Ну, на дорожку… – Он поднял стакан. – За то, чтобы в вас не было страха. Не бойтесь. Ни власти, ни зоны, ни смерти. Живем мы все равно только раз, а страх размазывает по стенке. Согласны? – он посмотрел на Грекова.
То, что вопрос обращен к нему, было для Женечки неожиданным.
– Тут не поспоришь, – развел он руками. – Но трудно забыть, что живем лишь раз.
Валя пропела:
– Хоть раз, да мой…
– Не просто, – кивнул бывший десантник. – Однако зоны не обойдешь, с властью и смертью не сговоришься. Нужно тренировать свою смелость. С утра ежедневно. А то – атрофируется. Так же, как всякая часть организма. Прощайте. Был рад свести знакомство.
“Очень ты рад, – подумал Женечка, – имени-отчества не назвал”. И попрощался:
– До свидания.
Он вновь сказал себе: “Я его видел. А где – не вспомню. Никак не вспомню”.
Приезжий ответно ощупал Женечку цепким запоминающим взглядом и обменялся с Ростиславлевым рукопожатием напоследок.

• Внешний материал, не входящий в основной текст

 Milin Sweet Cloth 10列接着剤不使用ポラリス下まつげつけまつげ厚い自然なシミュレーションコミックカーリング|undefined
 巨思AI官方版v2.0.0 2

Ладошка Серафима
Сергеевича скрылась в громадной горсти бесследно, точно нашла себе убежище.
– С богом, – сказал Серафим Сергеевич.
В голосе его было волнение, на Женечкин слух – даже торжественность.
Этакий звучный финальный аккорд.
Гость вышел. За ним – молодые люди. “Почетный караул суетится”.

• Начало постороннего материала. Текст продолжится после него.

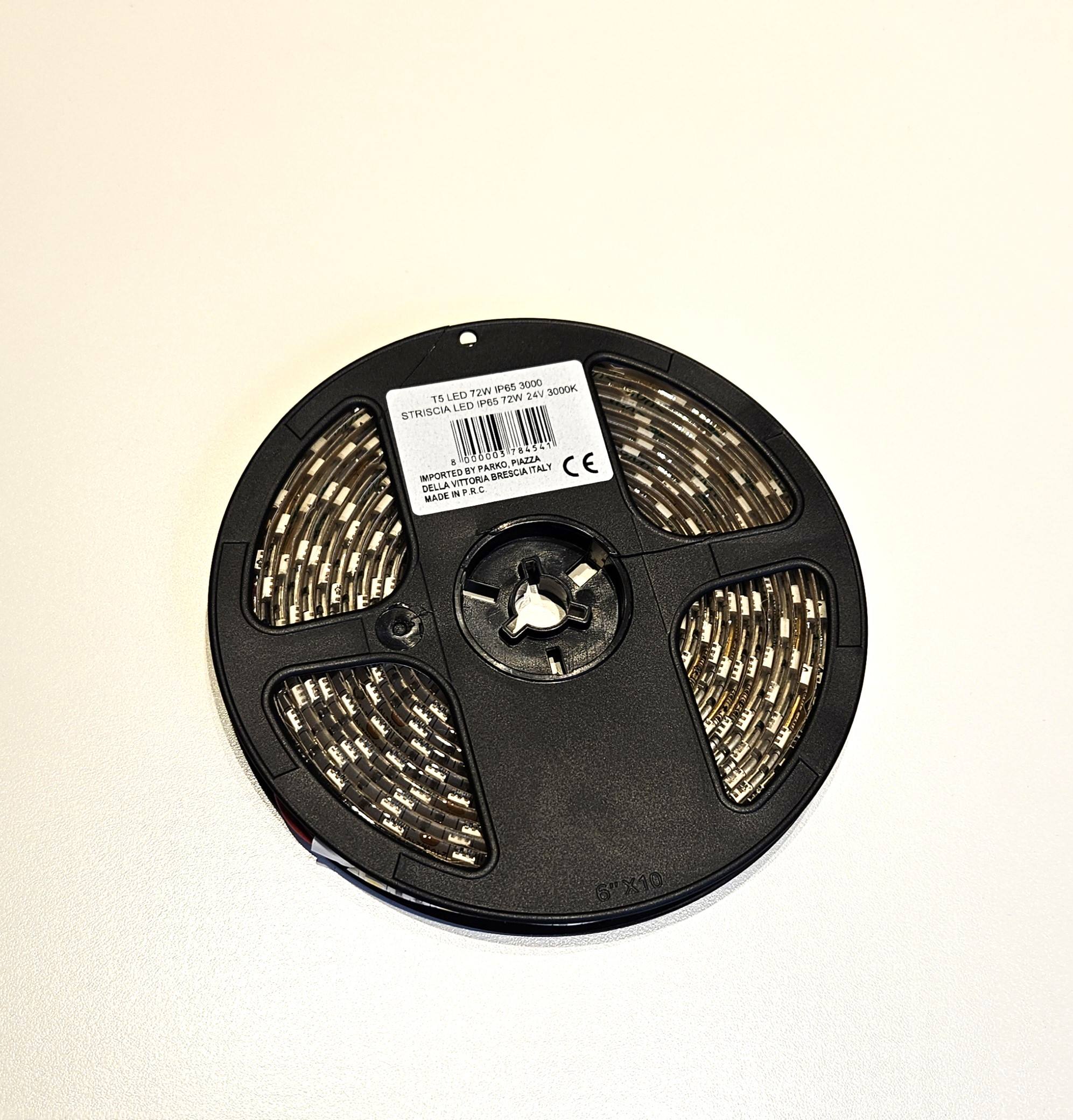 สีขาวอบอุ่น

Короткий, похожий на выстрел, хлопок – дверь затворилась. И разом стих нестройный гул голосов из прихожей.
– Ну что же, я в вашем распоряжении, – сказал Ростиславлев. – Мы – вдвоем. Но, очевидно, ненадолго. Используем предоставленный срок.

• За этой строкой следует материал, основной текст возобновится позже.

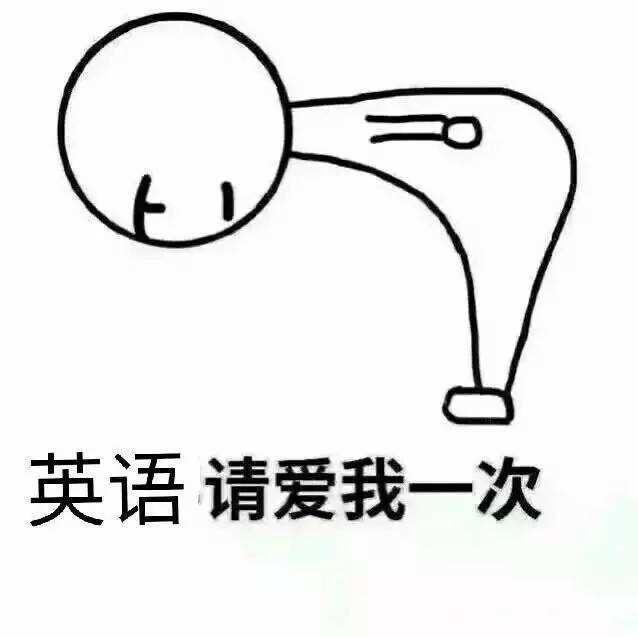 宁可孩子倒数第一也别让孩子补课,宁愿孩子学习不好也不要再补课了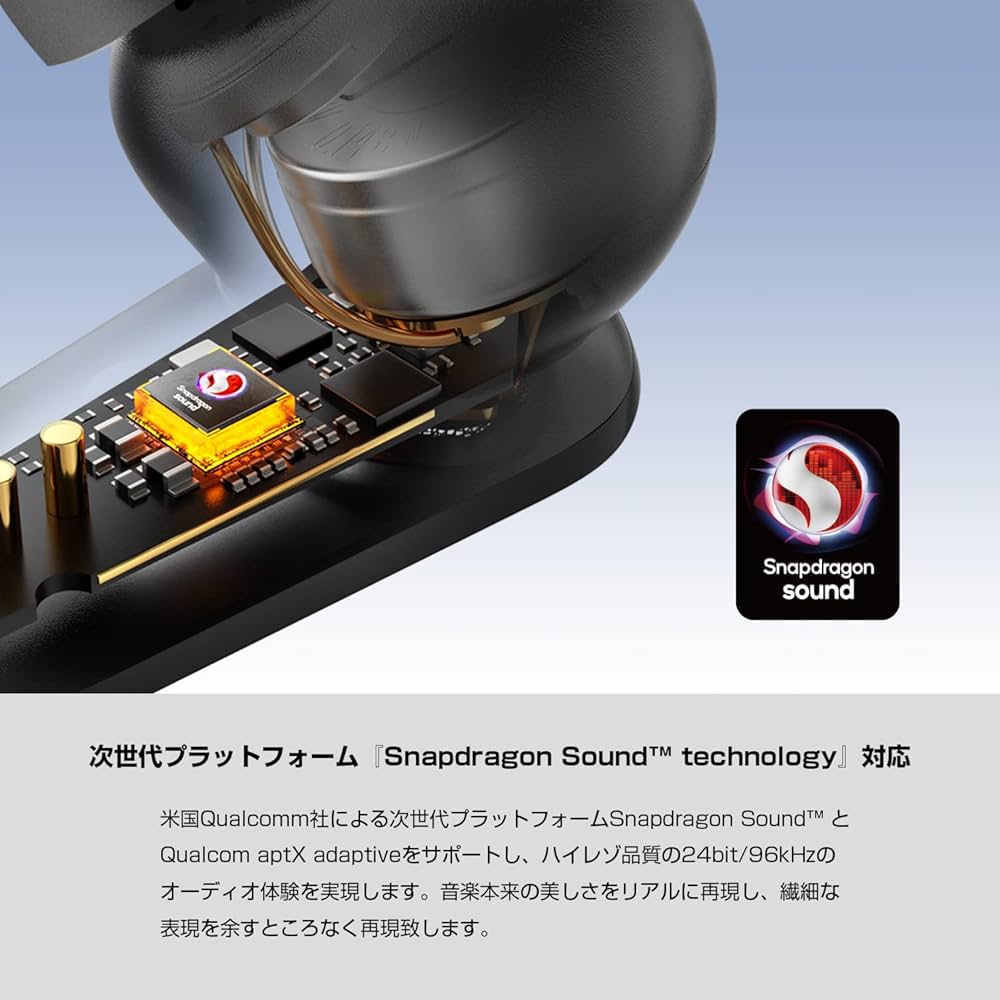 EDIFIER NeoBuds S ワイヤレスイヤホン　未開封 Amazon.co.jp: Edifier Neobuds S 完全ワイヤレスイヤホン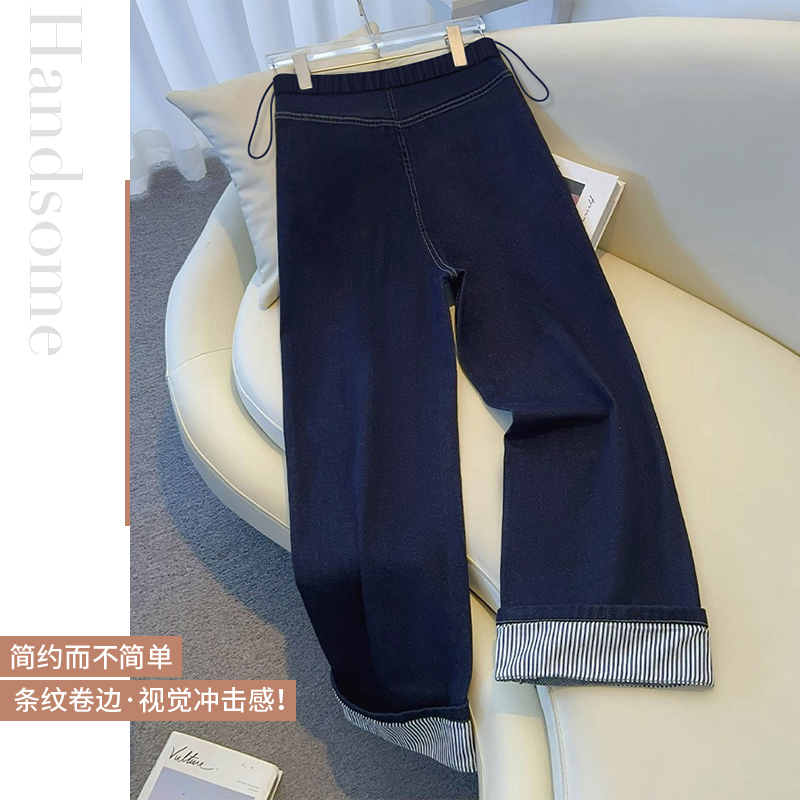 孕妇丹宁蓝长裤九分卷边条纹牛仔裤阔腿裤直筒外穿休闲裤不掉色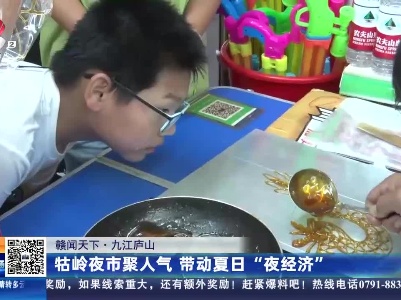 【赣闻天下】九江庐山：牯岭夜市聚人气 带动夏日“夜经济”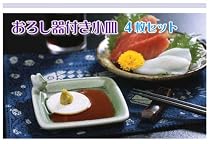 小皿でおろせるから手間いらずおろし器付き小皿4枚組
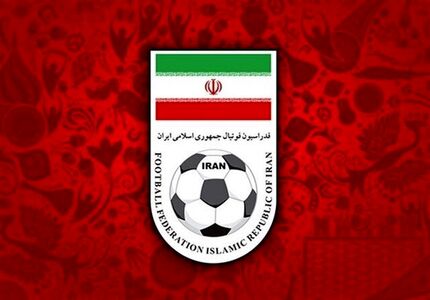 واکنش فدراسیون فوتبال به صادر نشدن ویزای ارکان مدیریتی و اداری تیم ملی فوتبال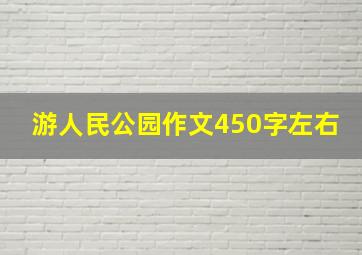 游人民公园作文450字左右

Стало быть, переключайте вновь свое внимание с нашего гостя на скромного местного обывателя.
“И он ревнует. Внимание общества должно быть направлено на него”.
Эта мысль развеселила Грекова и словно вернула ему равновесие.
– Ваш гость – таинственный господин, – сказал он. – Я был не в своей тарелке. Не знал, как надо к нему обратиться.
– Он захотел на вас взглянуть, но не захотел вам представиться. Что ж, я не стану его называть, коли он этого сам не сделал. Тут деликатная ситуация, – не без лукавства сказал альбинос.
– Уж больно он грозен, – откликнулся Женечка. – “Не бойтесь ничего.
Даже смерти”. Хотелось бы все же с ней разминуться.
Сказав это, он включил диктофон.
– Вы рано постарели, голубчик, – сочувственно произнес Ростиславлев.
– А молодые не любят старцев, даже когда эти старцы – их сверстники.
Они, молодые, других не жалеют, и, значит, – не вправе жалеть себя.
И разговаривать с ними должно на уровне их ощущения жизни. Когда энергия ищет выхода, она не терпит здравого смысла.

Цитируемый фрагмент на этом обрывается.